METAMORFOSE AMBULANTE

3 de novembro de 2008, nº 16, ano I

E a cada dia mais sambas para o carnaval de 2009 são escolhidos e, nós, foliões, estamos vivendo aquela fase de escutá-los e repeti-los em exaustão. Enossa opinião oscila conforme os ouvidos, descobrindo nuances desses sambas que nas primeiras passadas não foram percebidas.

 No balanço das ondas
Navegando não imaginava encontrar
O pranto e o riso, paixões mascaradas,
Rosas do mundo pra te encantar
Embala eu babá
Eu vi brilhar, em seu olhar, a devoção
E lá do céu vem o cinzel da perfeição
Faz meu coração com emoção pulsar!
A festa vai começar
Embarque nesse bonde, é Carnaval!
Mistura de raças num só coração
O mar não pode invadir o meu sertão

Não, não estou maluca. Estou extravasando felicidade pela proximidade do carnaval. A partir de agora, a trilha sonora da minha vida é samba-enredo até, pelo menos, o sábado das campeãs.

Gostando ou não, essa é a safra escolhida, e é ela que vai nos embalar nas quadras, nos ensaios, no nosso dia-a-dia.

Não foi fácil fazer avaliações prévias dos sambas do Grupo Especial (ainda mais antes da gravação oficial, dos acertos nas letras etc). Por isso, eu pensei bem se valeria a pena avaliar os sambas do Grupo da Lesga. Mas o site para qual eu escrevo, vive, revive e respira samba-enredo, que é o carro-chefe da nossa folia.

Minha vacilação é porque a minha escola estará presente neste primeiro desfile da Lesga, assim como esteve no primeiro desfile da Liesa. Fica sempre aquela sensação de só ver qualidades na obra de minha escola do coração (o que pode ter lá um fundo de verdade).

É lógico que como clementiana “pretíssima e amarela” (mas amarela que preta, pelo menos até a chegada do verão), eu estarei sempre junto com a minha escola, na alegria e na dor, mas por mais subjetivo que seja o julgamento do samba, aqui, nesta coluna, eu optei por continuar adotando como critério a minha identificação imediata com as obras escolhidas. Até porque muita coisa ainda vai mudar em nossos conceitos, especialmente quando da gravação oficial.
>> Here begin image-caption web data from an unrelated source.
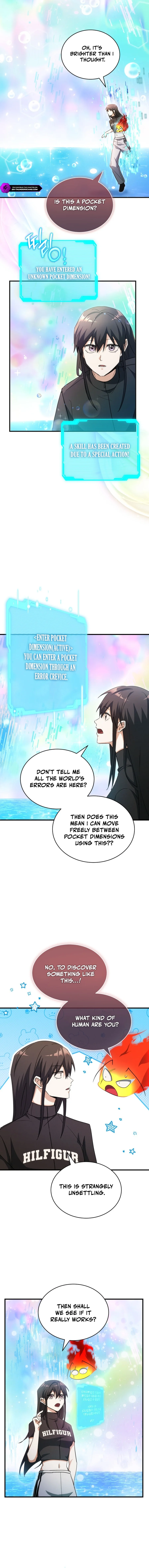 The Ranker Dreams of Retirement Today Too Chapter 14 — Page 15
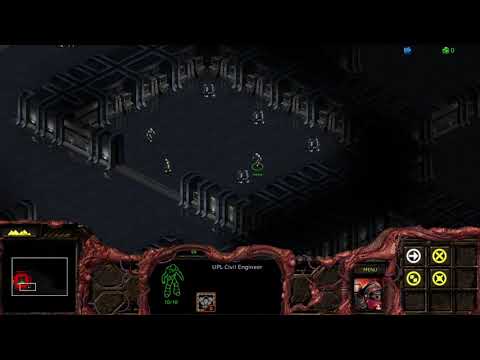 Starcraft Custom Campaign Legacy of the Confederation Past Purposes part 1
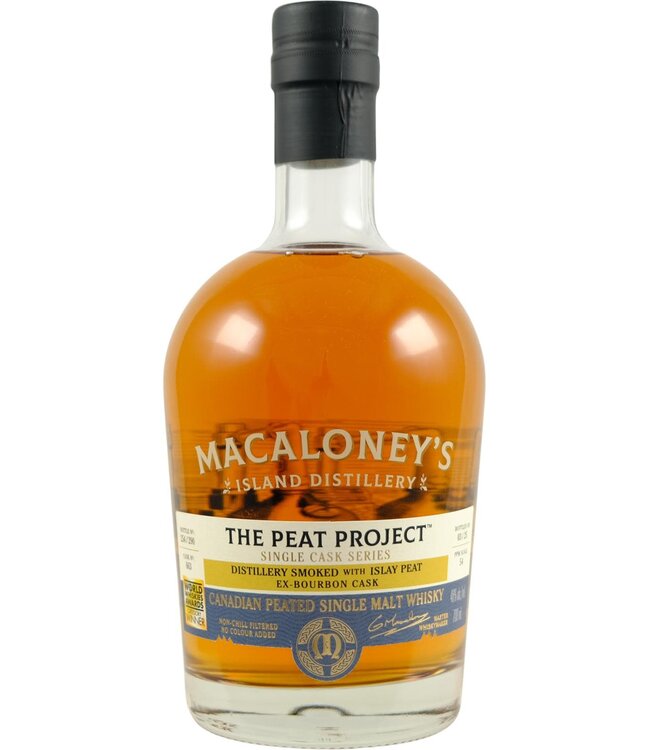 Macaloney's Macaloney's The Peat Project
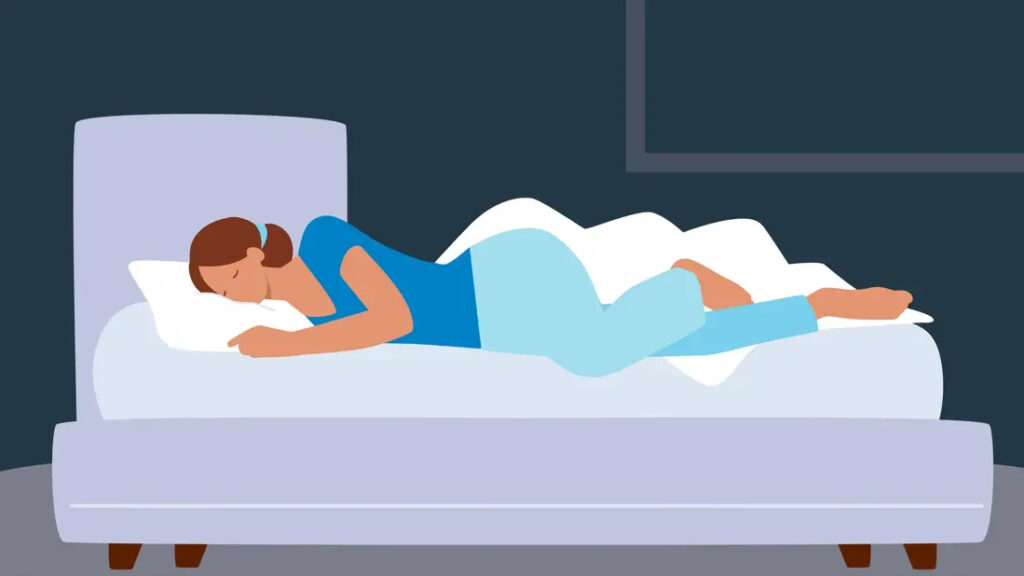 The Best Sleep Positions for a Pain-Free Morning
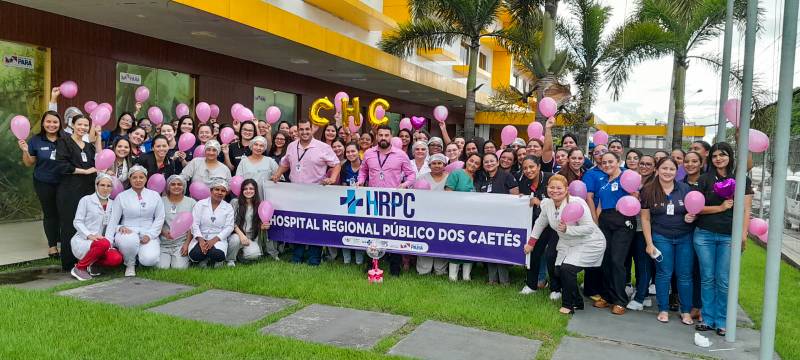 Mulheres são maioria entre profissionais que atuam em hospitais públicos do Pará Mulheres são maioria entre profissionais que atuam em hospitais públicos do Pará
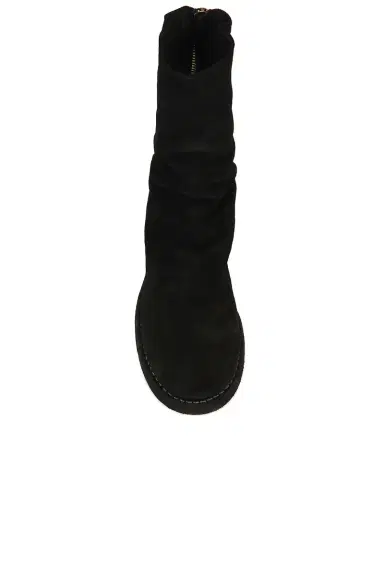 Guidi Metal Heel Back Zip Boot | Thumbnail 4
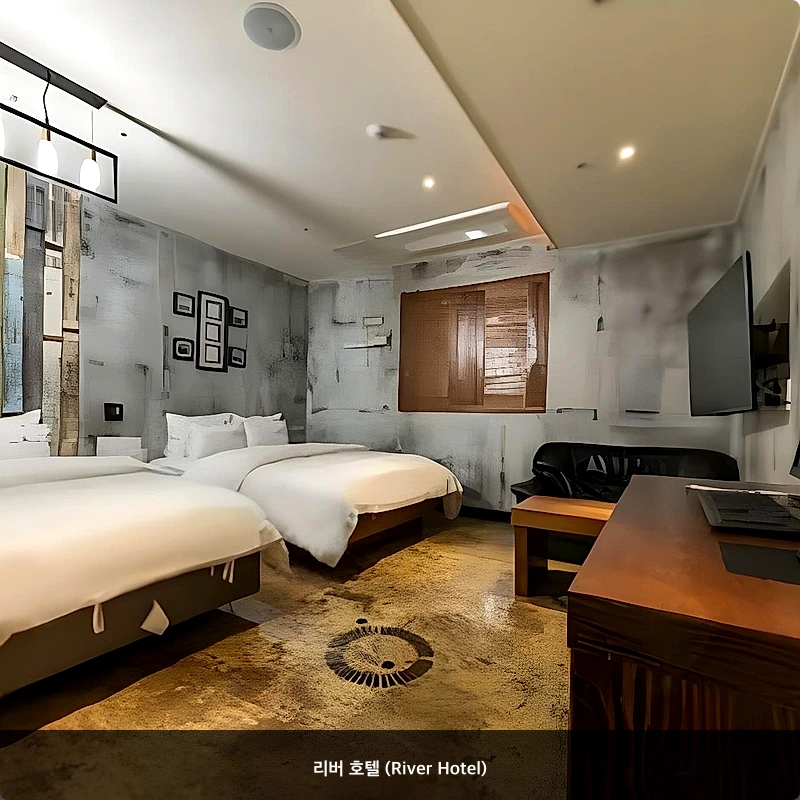 리버 호텔 (River Hotel)_7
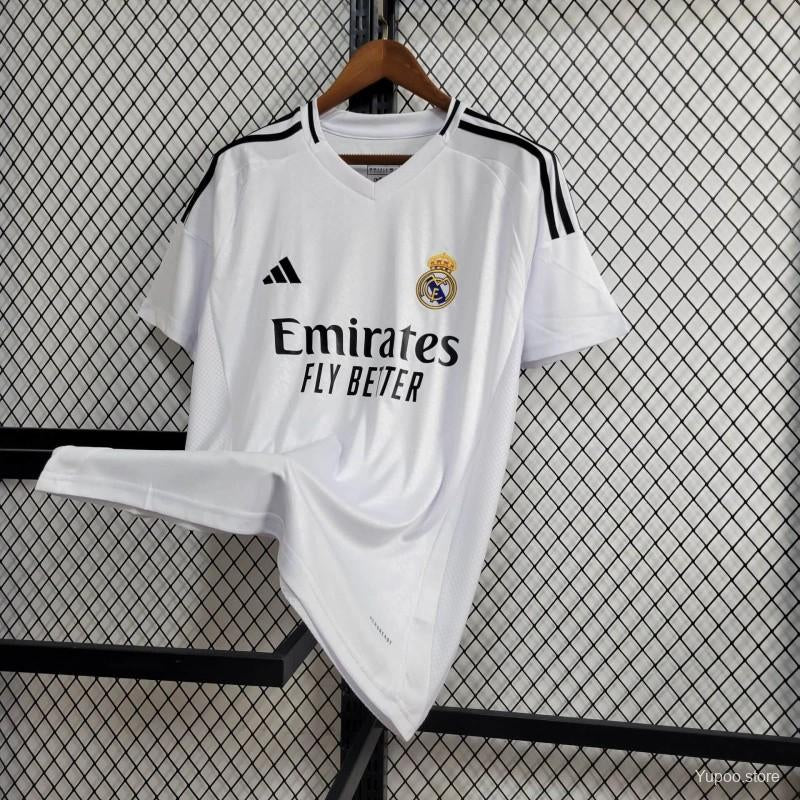 Maillot football Real Madrid domicile 2024/25 VINI JR. #7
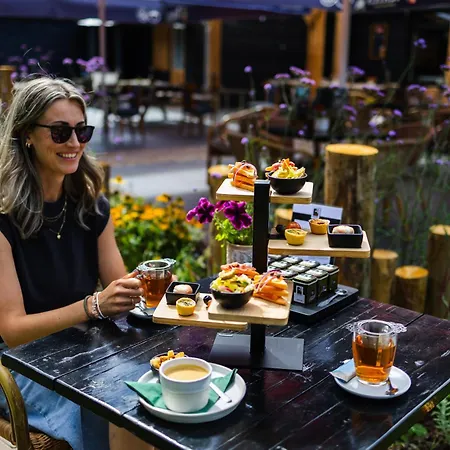 Chalet Luxe Vakantiechalet Met Royale Tuin Op De Veluwe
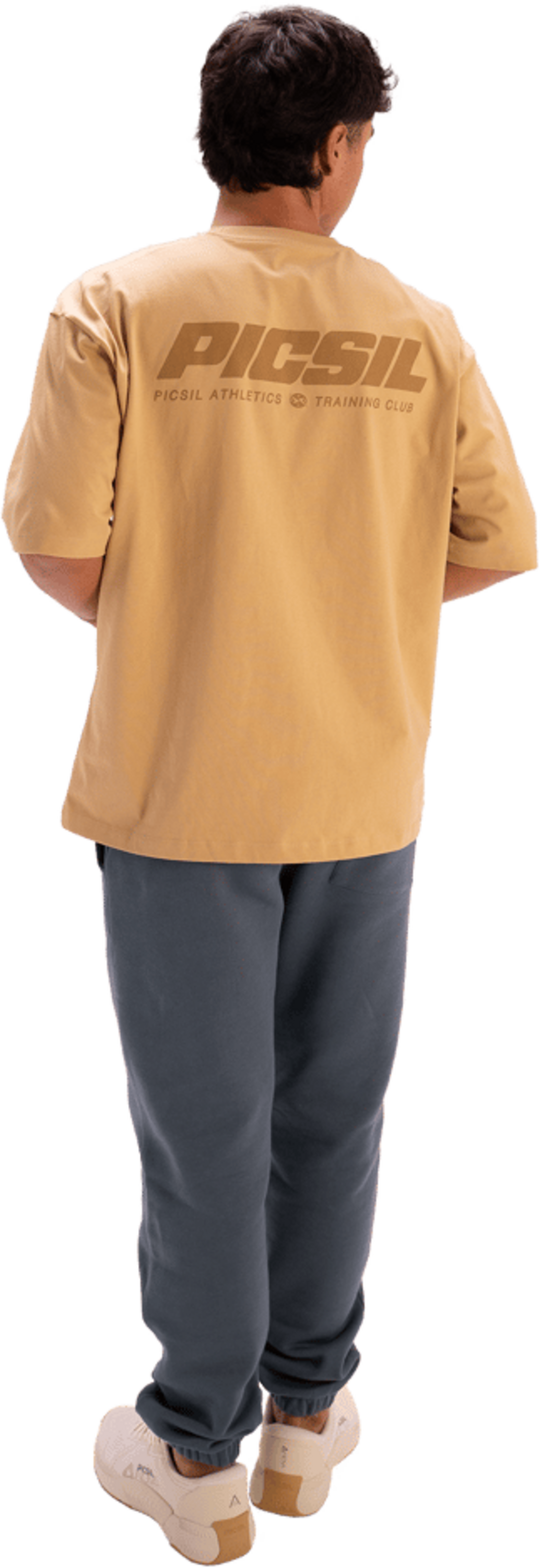 PICSIL SPORT, Men's Lifestyle Tee Aw25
Por exemplo, da coluna passada, onde fiz uma análise preliminar dos sambas do Grupo Especial, em nenhum momento quis classificar os sambas como bons ou ruins, apenas registrar a minha identificação inicial com eles, algumas impressões prévias sofreram modificações, especialmente em relação ao sambas da Vila Isabel, Imperatriz e Grande Rio que, num primeiro momento, não me seduziram e, com o tempo, com muita audição, até pelas reclamações que eu recebi dos torcedores dessas escolas, realmente constatei que mereciam uma melhor análise. Mas nada que modifique substancialmente a minha opinião inicial, a não ser em relação ao samba da Vila Isabel, que teve um ligeiro crescimento no meu conceito, apesar de ainda achar alguns trocadilhos desnecessários.

O samba do Porto da Pedra na voz de Luisinho Andanças também ficou muito legal e desponta como um dos melhores do ano, com certeza (essa é para o tigrão Léo Andrade, pela passagem de seu aniversário. Que Deus lhe permita que o seu amanhã seja só alegria).

Logo, a nossa opinião é mutável. Sábio foi Raul Seixas que exprimiu em uma de suas obras a importância da mudança de conceitos, pois se tudo no mundo evolui, no atual estágio de nossa vida, em que a mídia nos coloca mil novidades em tempo real, porque nossas opiniões deveriam ser estáticas? O que se disse hoje, amanhã é descartável, e assim vamos vivendo e aprendendo nesse mundo globalizado.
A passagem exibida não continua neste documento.